In all these cases, you're using a portion of your potential future revenue as an incentive to purchase your product now. The Total Commander model you cite is one extreme; at the other end of the spectrum is the model used for most material goods:

  • You buy a version, and you buy it again later if you want a newer, better version.

So, if I'm likely to buy your product eventually, what's it worth to you to get me to buy now instead of a year or two from now? On the other hand, how much additional value will I realize by starting to use your product now instead of at some point in the future?

Also, how solid is your product, and how well known is it? One reason that consumers expect free updates, at least for a while, is that it's difficult to know whether a piece of software will really work correctly or if it has serious bugs. Offering free updates helps mitigate that risk, much as a warrantee on a material good might. If your product has received excellent reviews and is well known, customers will have much more confidence in it and won't need quite as much assurance that you'll stand behind it.

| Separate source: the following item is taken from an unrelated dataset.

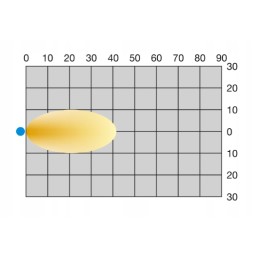 Profesionalus Weldex LED darbo šviestuvas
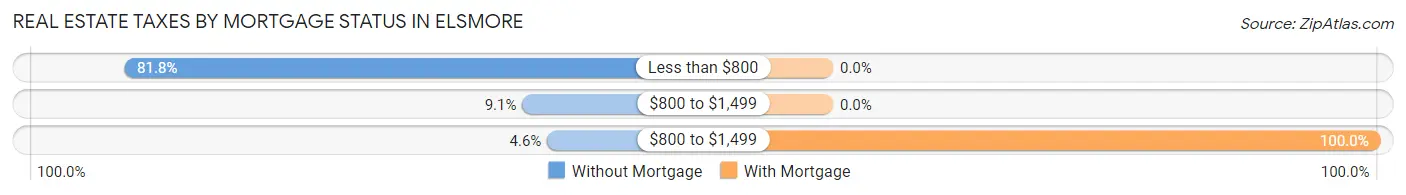 Real Estate Taxes by Mortgage Status in Elsmore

You don't necessarily have to choose one model and be stuck with it. You can change your terms as you see fit as long as you make sure that you don't break any previous promises that you've made. You could offer free minor updates now, for example, and later offer free major updates for a fixed period after purchase. It's common for software companies to do this retroactively: they'll introduce a product and offer a free or discounted update to anyone who purchased within the last several months. The possibilities are limited mainly by your imagination, the risk of confusing or annoying your customers, the additional value added to new versions, and the amount of complexity you're willing to put up with.